Für uns Eltern ist das doch wirklich die Pest. Kümmert man sich zu wenig, ist es schlecht, kümmert man sich zu viel, ist es auch verkehrt. Da ist es am besten, man wendet sich der Fauna zu. Kleine Katzen werden nicht computersüchtig.
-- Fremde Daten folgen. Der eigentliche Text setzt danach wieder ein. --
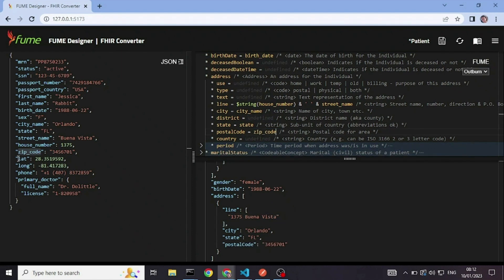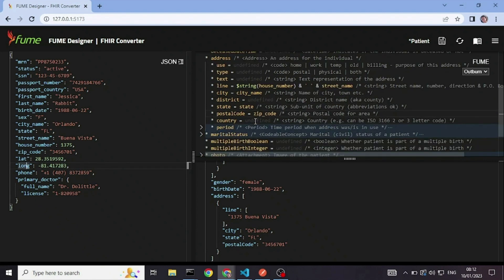And I have the lat and long, which is a little bit more advanced because it requires an extension. So it will not be in this video. But the phone is simple enough.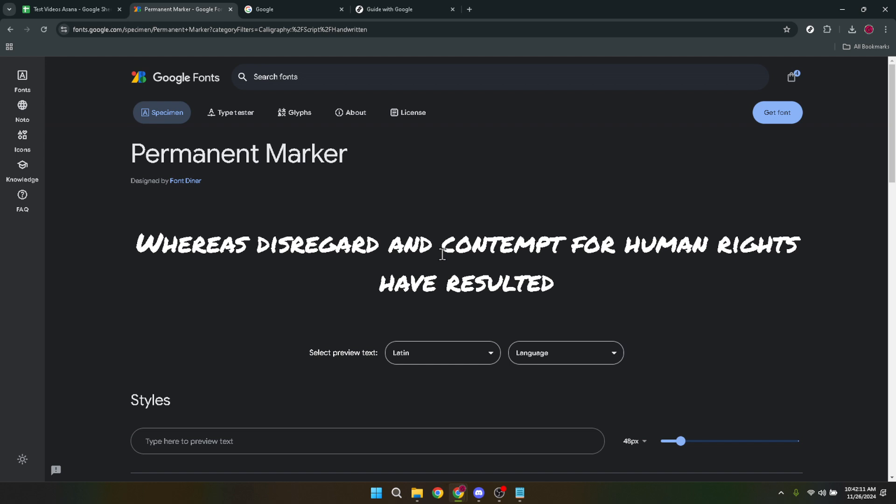There you have it, a simple yet comprehensive guide on how to browse Google Fonts. Whether you're working on a website, presentation or any digital project, the right font can make all the difference. Happy font hunting!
Das Kapitel aus dem Werte-Buch löste bei mir eine härtere Gangart aus. Nach dem Essen am Sonntagabend sagte ich den Kindern, dass sie jetzt den Abwasch machen müssten.
Sonst sind gelegentliches Ausräumen der Spülmaschine, Socken-Sortieren, Zimmer-Aufräumen, Katzenklo-Reinigen und Dusche-Putzen die einzigen Hilfen, die wir im Haushalt einfordern. Abwaschen gehört also nicht dazu. Wegen der härteren Gangart aber hielt ich das für angebracht. Kronprinz (17) und Prinzessin (14) meckerten und fingen an aufzuzählen, was sie alles arbeiten würden in ihrem Leben.
"Ihr wollt nicht, dass Papa und ich mal aufzählen, was wir alles machen." Ich schnaubte über die abgegessenen Teller. "Nein, das wollt ihr nicht."

Missmutig machten sie sich ans Werk. An dem Abend spielten wir noch Doppelkopf, aber die gegenseitigen Vorwürfe hatten die Stimmung getrübt.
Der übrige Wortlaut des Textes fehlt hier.